Fundamental Resource Management Concepts

• Requests and Limits: Requests define the minimum resources required, while Limits set the maximum. Requests are crucial for scheduling, while Limits impact eviction logic.
• Quality of Service (QoS) Classes: Kubernetes has three QoS classes - Best Effort, Burstable, and Guaranteed - which determine eviction priority during resource contention.
• Kubernetes vs. Linux: Kubernetes uses millicores for CPU requests, while Linux uses time slices. This can lead to performance issues when nodes become heavily utilized.
• Cgroups: Linux control groups (cgroups) enforce the resource boundaries defined in the pod spec, using shares, weights, periods, and quotas.
• Scheduler and Kubelet: The Kubernetes scheduler places pods on nodes, while the Kubelet enforces QoS and eviction on each node.

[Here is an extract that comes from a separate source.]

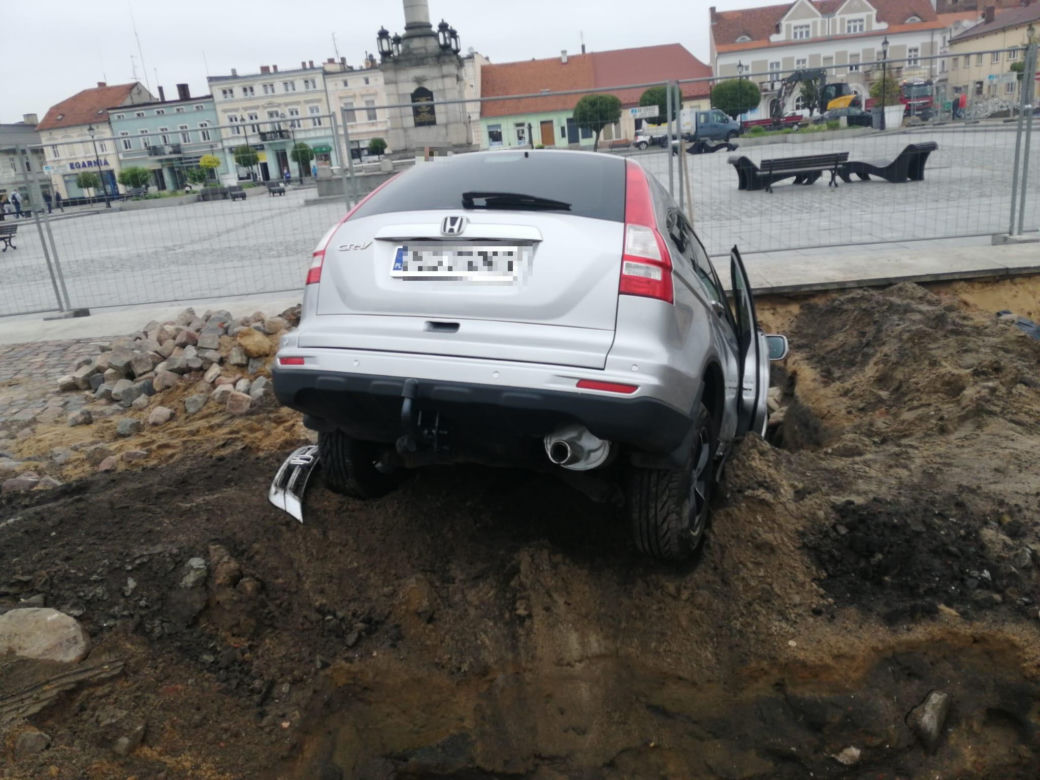 Samochód wpadł do wykopu na rynku w Gostyniu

Challenges with Scaling and Optimization

• Example scenario: Four pods, each requesting 1 CPU core. When one pod becomes busy, it can consume the full CPU time of all four cores, leading to performance degradation in production.
• Saturation Threshold: There is a sweet spot where resources are fully utilized without causing performance issues. Underprovisioning or overprovisioning can both lead to problems.
• Predictability and Consistency: Varying CPU time allocations across environments can make it difficult to achieve consistent performance.
• Limitations of Larger Nodes: Increasing node size can lead to overpacking and higher saturation levels.

Addressing Resource Management Challenges

• Kubernetes 1.33 introduced in-place updates for pod resources, making it easier to adjust settings.
• Pod-level resource constraints can help with sidecar and init containers.
• GPU resource management: Options like Nvidia MIG and MPS allow for GPU time slicing and fractional allocation.

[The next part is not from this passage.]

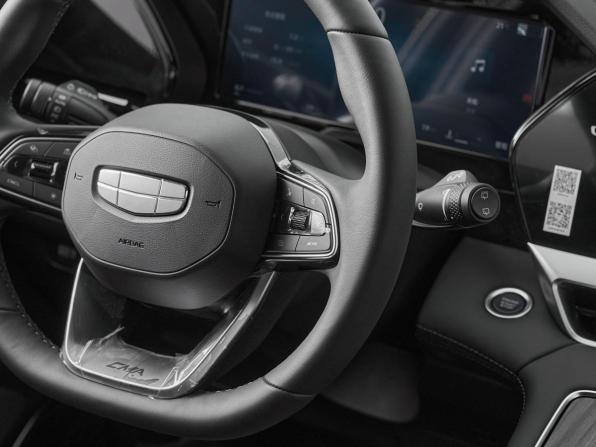 Geely Monjaro I Рестайлинг с пробегом 2025 года, цена 4 200 000 рублей, 37 км, внедорожник, Автокод Объявления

Scaling Dimensions and Conflicts

• Vertical Pod Autoscaler (VPA): Relies on historical data, making it hard to react to sudden changes or bursty workloads.
• Horizontal Pod Autoscaler (HPA): Can scale based on CPU, memory, or custom metrics, but can experience thrashing due to changes in resource requests.
• Node Scaling: Adopting spot instances introduces challenges around maintaining desired pod placement ratios.

Towards a Proactive, Coordinated Approach

• Limitations of Reactive Scaling: HPA and VPA can have race conditions and lead to unnecessary thrashing.
• Need for Predictive Scaling: Anticipating traffic patterns and warming up replicas in advance can improve responsiveness and efficiency.
• Custom Resources and Operators: Provide a way to define and reconcile custom scaling policies across the entire cluster.
• Coordinating Scaling Dimensions: Integrating VPA, HPA, and node scaling into a cohesive, self-healing system is crucial for large-scale Kubernetes deployments.

Scaleops: A Comprehensive Solution

• Scaleops is a platform that addresses the challenges of resource management and scaling in large-scale Kubernetes environments.
• Key capabilities include:
  • Context-aware, workload-specific scaling policies
  • Predictive scaling to anticipate and respond to changes
  • Coordinated management of VPA, HPA, and node scaling
  • Automated healing and reaction to bursts or failures

Conclusion

• Kubernetes resource management at scale requires a comprehensive, coordinated approach that goes beyond reactive scaling.
• Predictive scaling, custom resource management, and integrating multiple scaling dimensions are crucial for achieving reliability, performance, and cost-efficiency.
• Solutions like Scaleops can help enterprises overcome the challenges of complex, large-scale Kubernetes deployments.